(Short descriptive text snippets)
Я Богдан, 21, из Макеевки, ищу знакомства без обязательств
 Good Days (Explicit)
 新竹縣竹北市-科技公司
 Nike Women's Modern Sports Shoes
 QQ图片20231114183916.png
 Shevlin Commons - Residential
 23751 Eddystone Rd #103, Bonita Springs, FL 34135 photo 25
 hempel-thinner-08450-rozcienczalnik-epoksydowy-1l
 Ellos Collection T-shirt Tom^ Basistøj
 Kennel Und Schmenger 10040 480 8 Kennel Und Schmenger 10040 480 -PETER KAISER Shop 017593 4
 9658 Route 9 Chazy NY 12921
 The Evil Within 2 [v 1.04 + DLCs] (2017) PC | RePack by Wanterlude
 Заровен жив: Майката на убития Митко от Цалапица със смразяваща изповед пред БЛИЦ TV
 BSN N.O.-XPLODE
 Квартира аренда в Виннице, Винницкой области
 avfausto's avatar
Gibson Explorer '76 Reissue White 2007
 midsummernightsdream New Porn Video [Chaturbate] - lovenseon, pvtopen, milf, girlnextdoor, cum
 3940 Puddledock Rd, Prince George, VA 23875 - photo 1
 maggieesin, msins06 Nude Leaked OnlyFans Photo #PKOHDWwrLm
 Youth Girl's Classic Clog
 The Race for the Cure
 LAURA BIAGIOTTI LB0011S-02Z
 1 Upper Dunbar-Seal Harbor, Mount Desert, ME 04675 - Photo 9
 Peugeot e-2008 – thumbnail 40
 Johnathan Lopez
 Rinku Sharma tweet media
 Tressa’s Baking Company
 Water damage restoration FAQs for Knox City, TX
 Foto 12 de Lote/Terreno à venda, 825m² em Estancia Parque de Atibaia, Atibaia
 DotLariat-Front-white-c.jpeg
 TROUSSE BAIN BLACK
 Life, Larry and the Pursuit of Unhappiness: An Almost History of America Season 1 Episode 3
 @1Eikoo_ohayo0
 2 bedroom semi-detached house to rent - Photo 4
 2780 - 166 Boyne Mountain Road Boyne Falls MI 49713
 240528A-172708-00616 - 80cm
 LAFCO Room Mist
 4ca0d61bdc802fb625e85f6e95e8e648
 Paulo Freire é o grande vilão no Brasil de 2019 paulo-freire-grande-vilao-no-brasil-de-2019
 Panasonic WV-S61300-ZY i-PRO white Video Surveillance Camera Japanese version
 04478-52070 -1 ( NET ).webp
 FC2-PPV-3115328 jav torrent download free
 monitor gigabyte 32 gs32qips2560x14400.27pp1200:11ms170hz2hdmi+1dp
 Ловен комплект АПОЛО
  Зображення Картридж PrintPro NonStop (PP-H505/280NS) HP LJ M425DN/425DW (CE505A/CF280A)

## PROBLEM REQUIREMENTS
Each line from the one that contains "2780 - 166 Boyne" through the end of the records must be repeated exactly. No other line belongs in the answer.

## YOUR RESPONSE
 2780 - 166 Boyne Mountain Road Boyne Falls MI 49713
 240528A-172708-00616 - 80cm
 LAFCO Room Mist
 4ca0d61bdc802fb625e85f6e95e8e648
 Paulo Freire é o grande vilão no Brasil de 2019 paulo-freire-grande-vilao-no-brasil-de-2019
 Panasonic WV-S61300-ZY i-PRO white Video Surveillance Camera Japanese version
 04478-52070 -1 ( NET ).webp
 FC2-PPV-3115328 jav torrent download free
 monitor gigabyte 32 gs32qips2560x14400.27pp1200:11ms170hz2hdmi+1dp
 Ловен комплект АПОЛО
  Зображення Картридж PrintPro NonStop (PP-H505/280NS) HP LJ M425DN/425DW (CE505A/CF280A)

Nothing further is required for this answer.